**Available data**
────────────────────────────────────────

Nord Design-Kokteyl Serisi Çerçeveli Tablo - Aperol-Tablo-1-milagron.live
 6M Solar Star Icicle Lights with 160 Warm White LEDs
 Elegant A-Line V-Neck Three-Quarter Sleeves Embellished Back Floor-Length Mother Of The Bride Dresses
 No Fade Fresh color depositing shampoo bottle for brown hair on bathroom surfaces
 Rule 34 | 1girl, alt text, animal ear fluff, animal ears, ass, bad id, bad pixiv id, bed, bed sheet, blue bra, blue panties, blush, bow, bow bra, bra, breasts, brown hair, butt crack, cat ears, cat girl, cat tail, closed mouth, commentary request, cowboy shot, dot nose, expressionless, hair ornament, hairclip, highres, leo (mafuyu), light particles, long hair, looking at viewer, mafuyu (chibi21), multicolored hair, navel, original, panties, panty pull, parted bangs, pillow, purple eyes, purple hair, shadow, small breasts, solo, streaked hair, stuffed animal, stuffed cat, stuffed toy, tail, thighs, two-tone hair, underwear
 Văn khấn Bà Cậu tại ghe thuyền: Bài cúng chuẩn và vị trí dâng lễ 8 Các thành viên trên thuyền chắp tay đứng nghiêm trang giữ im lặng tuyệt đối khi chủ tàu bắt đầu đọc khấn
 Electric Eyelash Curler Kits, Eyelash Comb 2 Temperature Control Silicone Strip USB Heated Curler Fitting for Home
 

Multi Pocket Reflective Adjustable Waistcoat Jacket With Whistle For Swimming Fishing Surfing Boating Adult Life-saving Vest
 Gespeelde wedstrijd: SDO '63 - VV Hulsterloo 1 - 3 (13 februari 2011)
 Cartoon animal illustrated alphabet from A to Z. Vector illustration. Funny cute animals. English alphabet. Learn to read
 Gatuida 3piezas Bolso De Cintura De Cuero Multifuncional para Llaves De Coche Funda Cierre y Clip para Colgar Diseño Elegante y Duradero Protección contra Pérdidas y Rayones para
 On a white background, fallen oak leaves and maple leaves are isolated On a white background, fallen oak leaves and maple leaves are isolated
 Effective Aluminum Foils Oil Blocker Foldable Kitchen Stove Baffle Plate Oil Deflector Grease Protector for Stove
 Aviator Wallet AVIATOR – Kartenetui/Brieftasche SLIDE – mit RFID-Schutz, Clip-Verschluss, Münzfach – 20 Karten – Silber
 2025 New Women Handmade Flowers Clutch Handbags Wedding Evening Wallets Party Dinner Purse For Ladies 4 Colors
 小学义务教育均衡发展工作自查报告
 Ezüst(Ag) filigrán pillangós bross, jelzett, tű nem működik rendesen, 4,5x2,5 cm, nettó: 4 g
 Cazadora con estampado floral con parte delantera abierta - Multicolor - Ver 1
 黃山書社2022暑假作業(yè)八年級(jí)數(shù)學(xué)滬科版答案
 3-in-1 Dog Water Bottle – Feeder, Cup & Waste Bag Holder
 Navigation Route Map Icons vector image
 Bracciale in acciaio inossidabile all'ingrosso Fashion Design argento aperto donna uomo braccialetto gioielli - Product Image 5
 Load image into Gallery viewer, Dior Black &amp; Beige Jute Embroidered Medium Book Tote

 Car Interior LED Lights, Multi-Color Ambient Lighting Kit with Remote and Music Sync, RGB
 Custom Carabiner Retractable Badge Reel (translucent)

────────────────────────────────────────

**Your assignment**
Copy each line of the data that contains the word "Lights".

**Solution below**
 6M Solar Star Icicle Lights with 160 Warm White LEDs
 Car Interior LED Lights, Multi-Color Ambient Lighting Kit with Remote and Music Sync, RGB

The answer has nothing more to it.